David entered the wool buying business with vigor. In fact his early successes in the business lead to a run in with the Leher family.

Suave Joe Leher was an established wool buyer in the Walla Walla area. Year to year he contracted in advance to buy the crops of the major wool producers in the area. Grandfather Barel new to the business and with limited English had to compete with him.

David began by calling on the biggest producers and buying from some of them.

One day he received a summons to report to the prosecuting attourney's office. After sitting in a waiting room for some time wondering what it was about, he was summoned into the office of the deputy prosecuting attourney Bernie Leher the Harvaed Law School graduate son of Joe Leher.

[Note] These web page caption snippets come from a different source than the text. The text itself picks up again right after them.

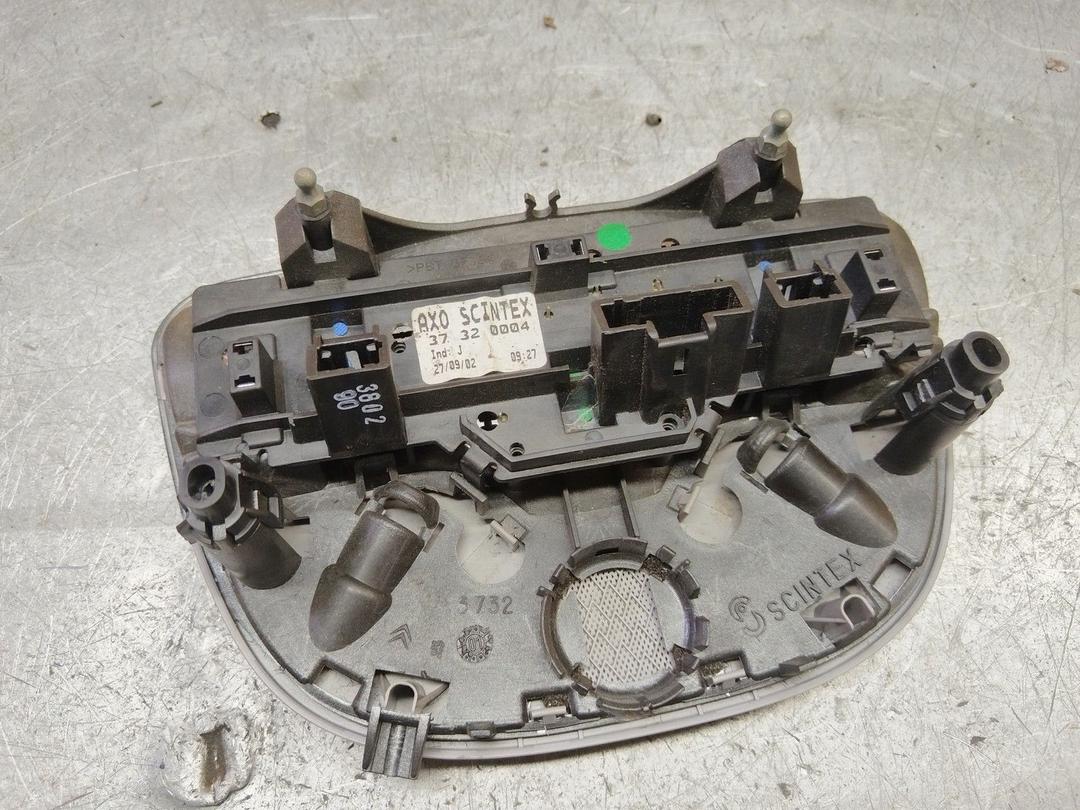 Фонарь салона (плафон) A6IAFR Peugeot 607 купить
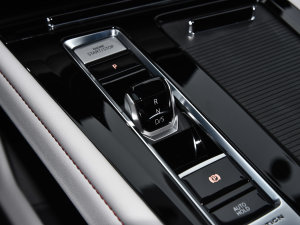 2023款380TSI 四驱尊崇豪华版 换挡杆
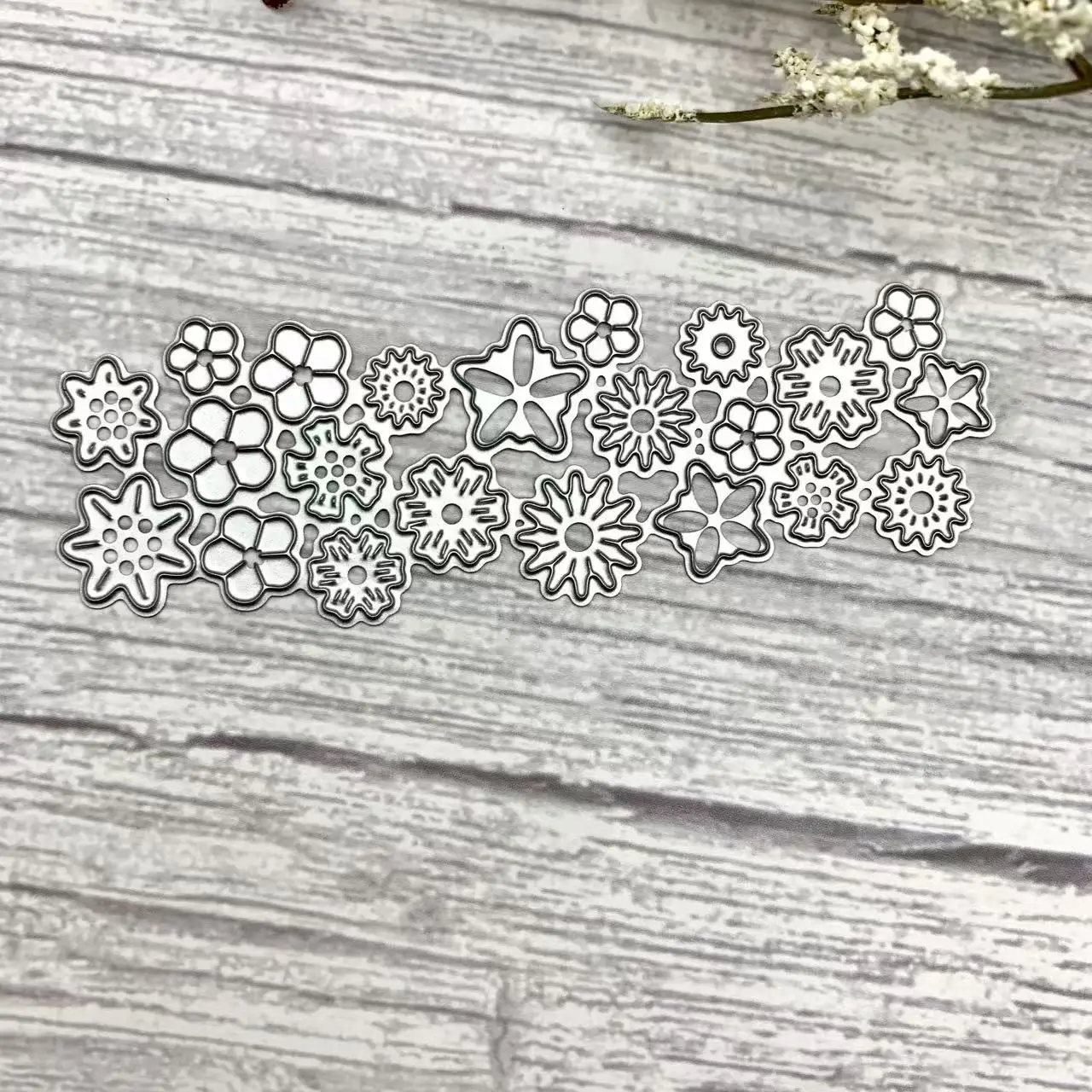 Multi Style Small Flower Long Border Metal Cutting Dies DIY Fresh Floral Scrapbooking Card Embossing Craft Dies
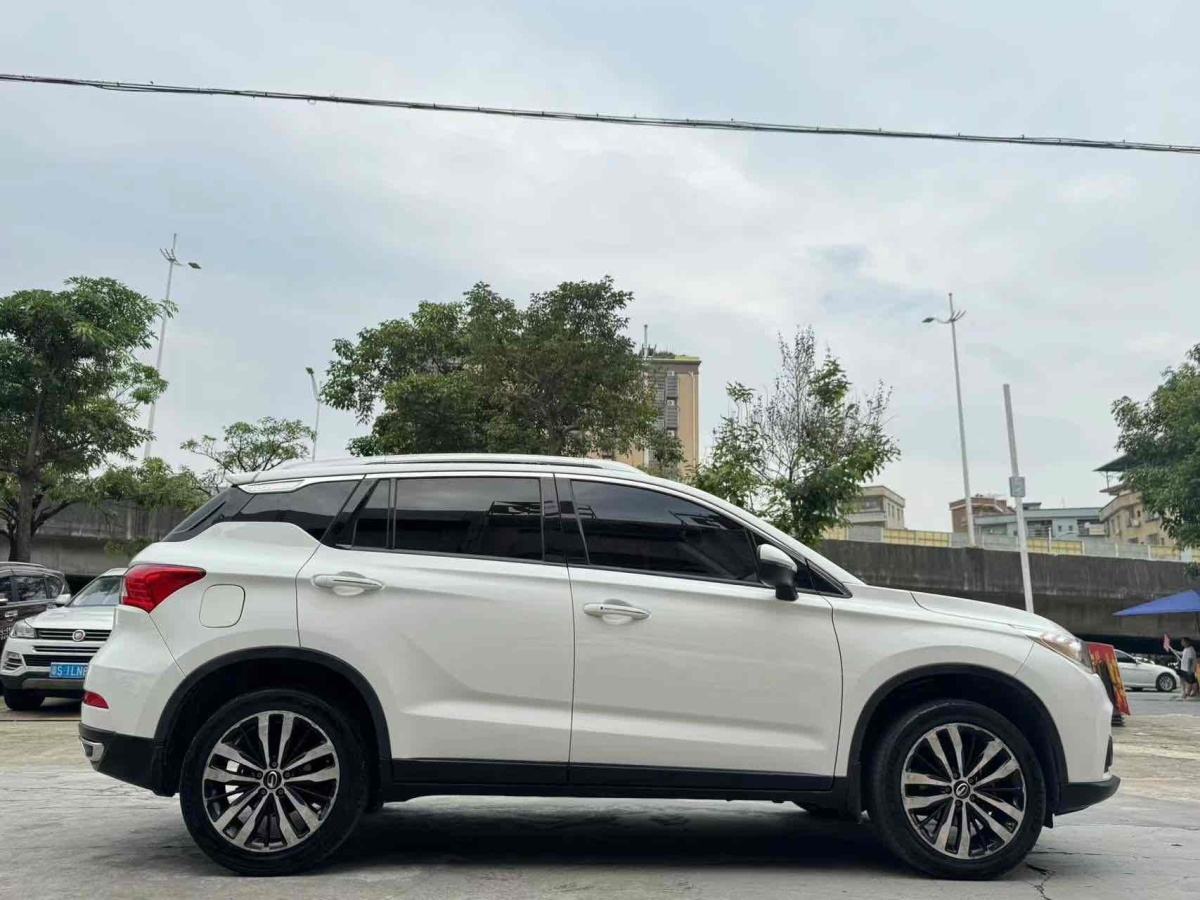 廣汽傳祺 GS4  2015款 200T G-DCT豪華版圖片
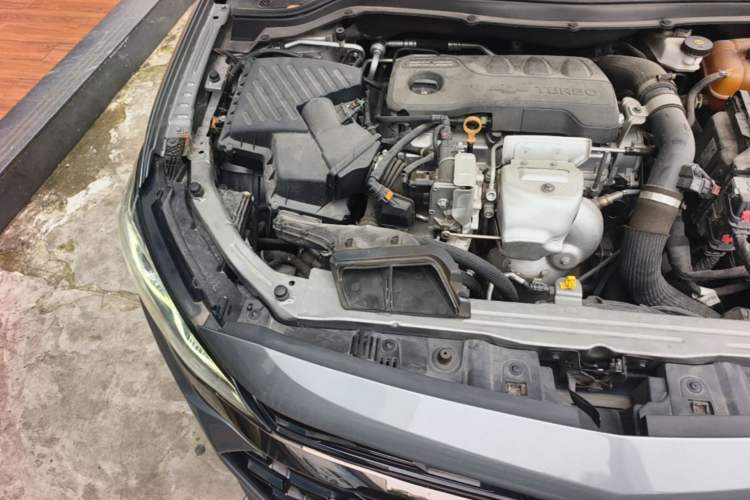 Used Chevrolet Monza 2020 Light Hybrid RS 330T Automatic Comfort Edition Engine Bay Right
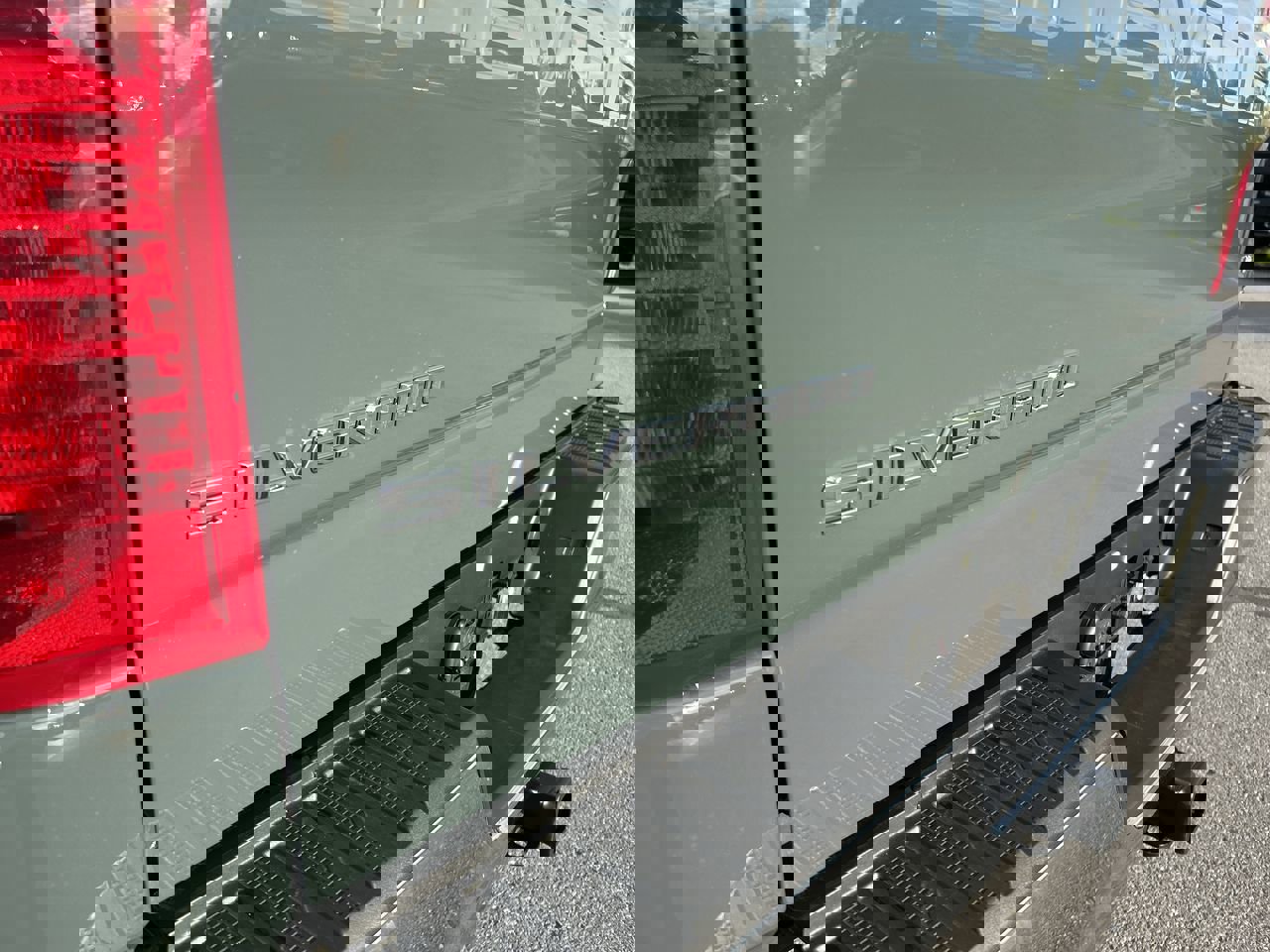 New 2026 Chevrolet Silverado 1500 LT w/ LPO, Dark Essentials Package image 11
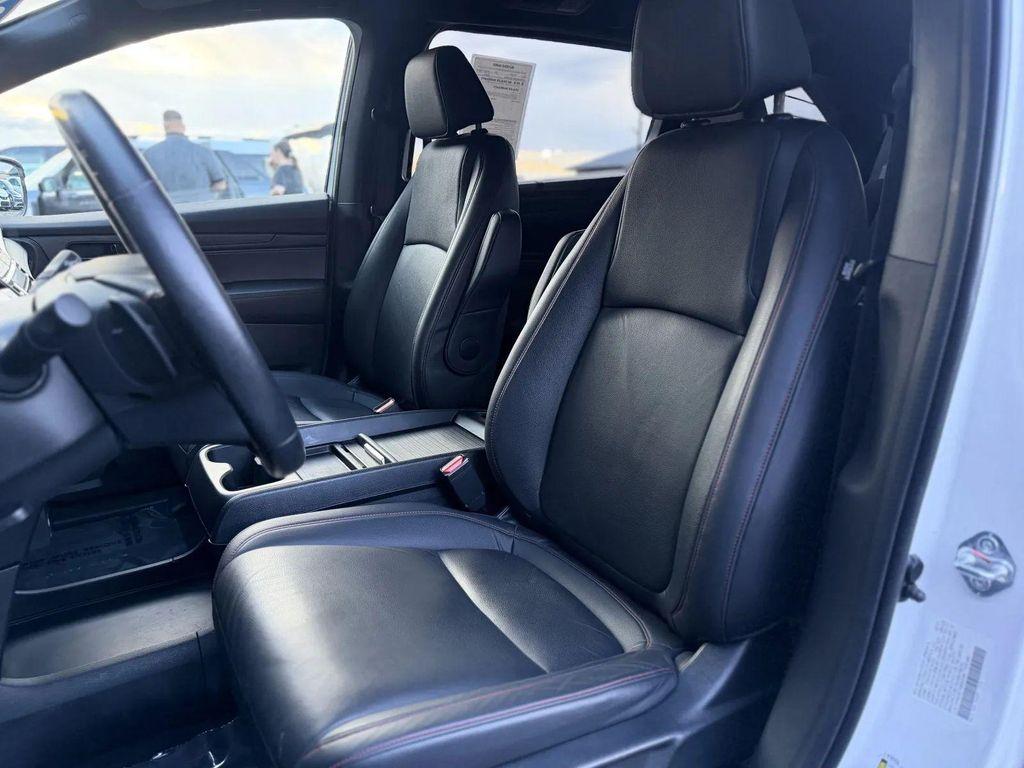 used 2024 Honda Odyssey car, priced at $26,495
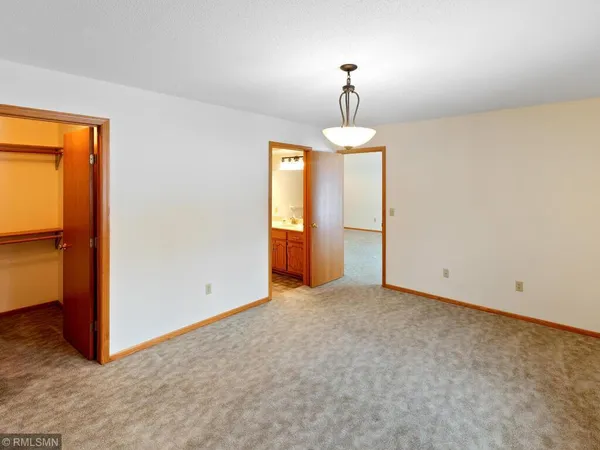 $310,000 | 1928 Vierling Drive East, Shakopee, MN 55379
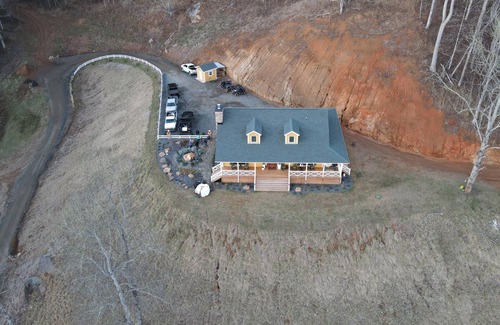 Bakersville House | Charming 3-Bedroom Cottage on 42 Acres with Mountain Views & Abundant Wildlife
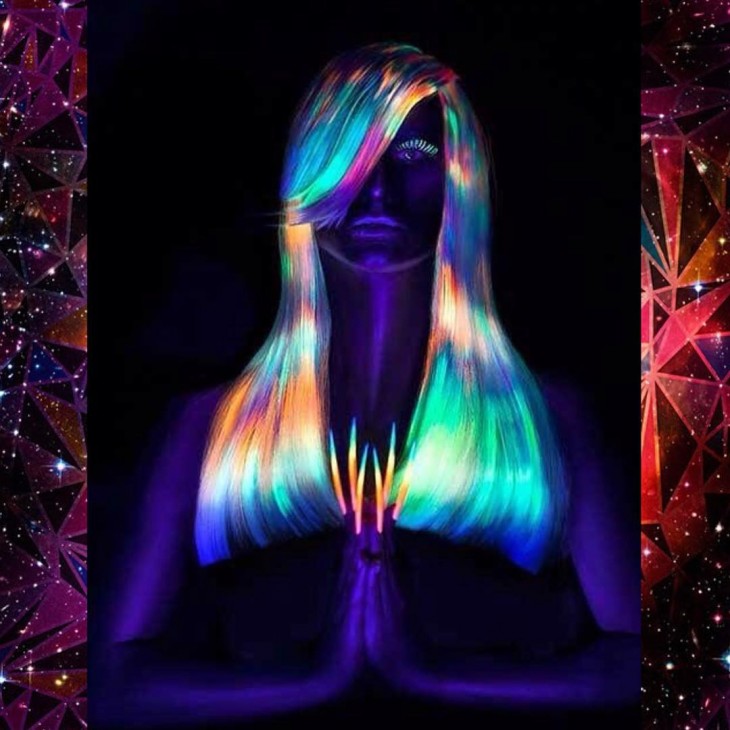 Modelo que muestra el cabello multicolor que brilla en la oscuridad 
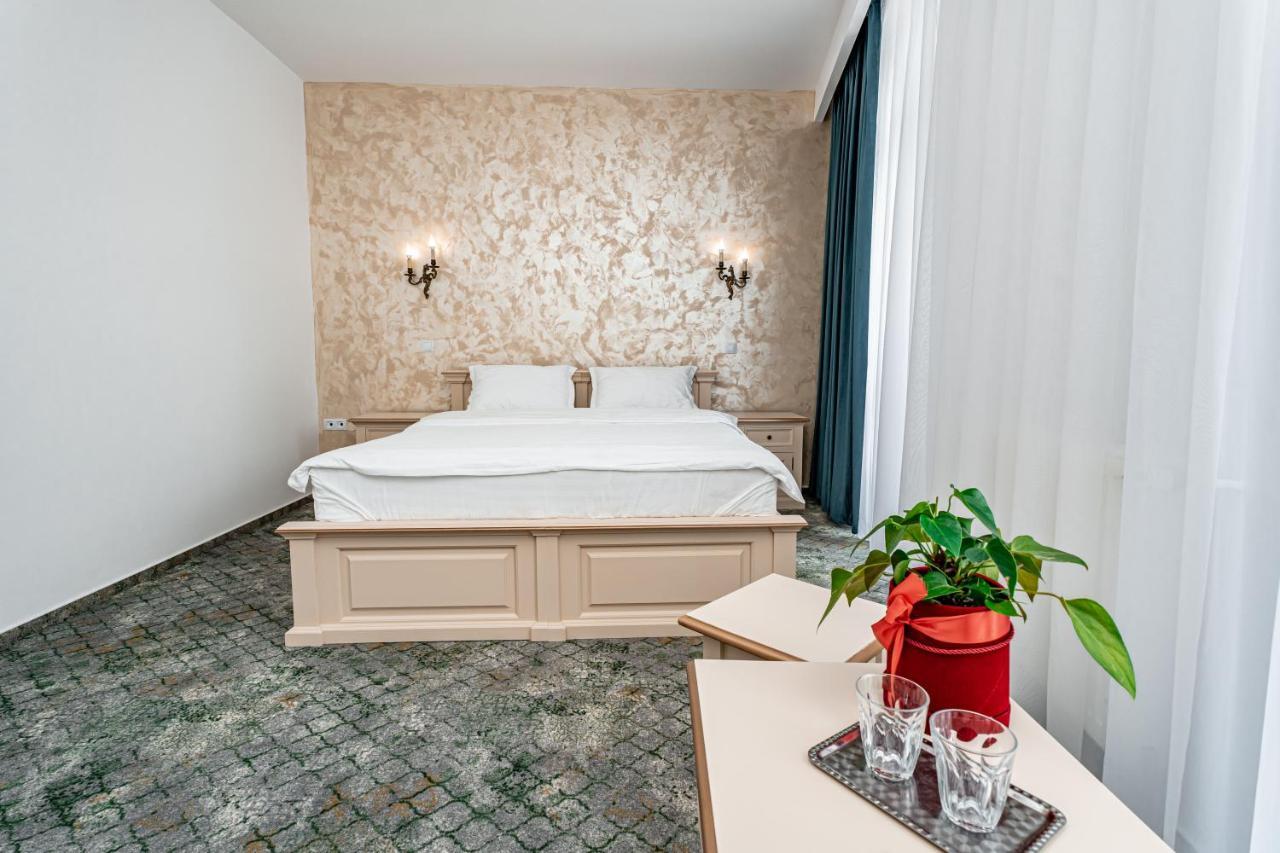 Hotel Rin Sibiu Bagian luar foto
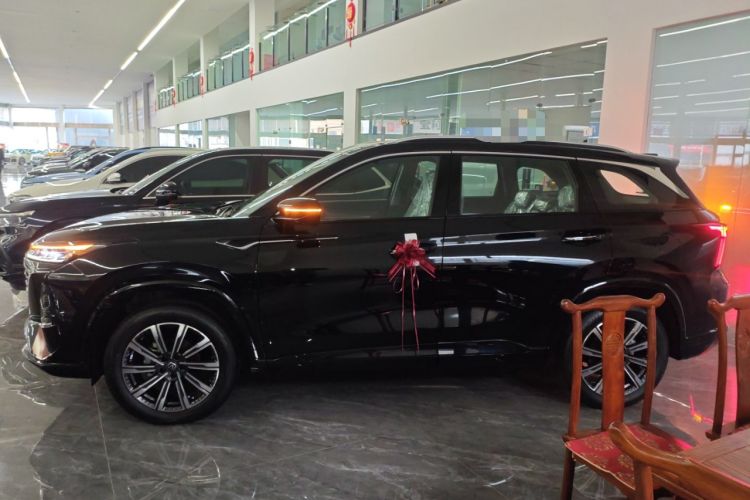 Used Changan CS75 PLUS 2025 Model, 3rd Generation Champion Edition 1.5T Jinghang Version
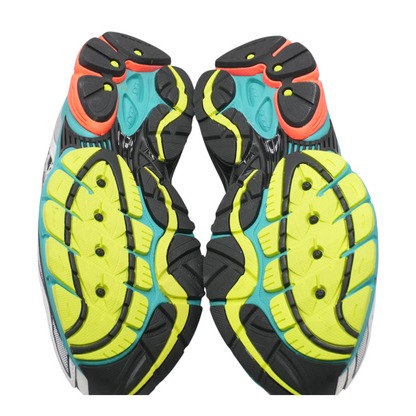 Omni 9 Low-Top Athletic Shoes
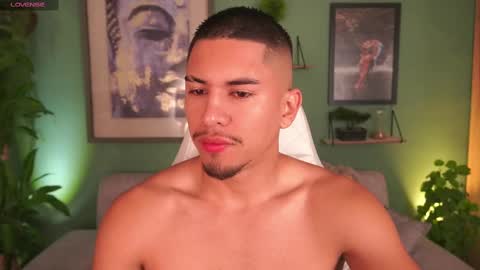 AARON  online show from February 19, 2025, 7:39 am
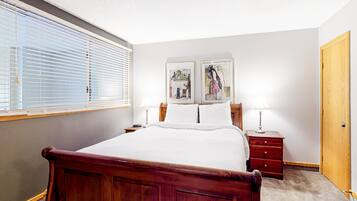 Condo, 2 Bedrooms | Free WiFi, bed sheets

After glaring across the the desk for a suitable amount of time he consulted a document and began, "Young man, it has come to this office's attention that you have conspired with the following wool growers ---- to break existing contracts.
This is a serious offense in the state of Washington of which you can be tried and convicted."

"Set up your trial," replied the teen age David. "I am sure the judge would like to know that you are using your public office for the benefit of your father's business". He turned his back to the flustered Bernie and walked out of the office.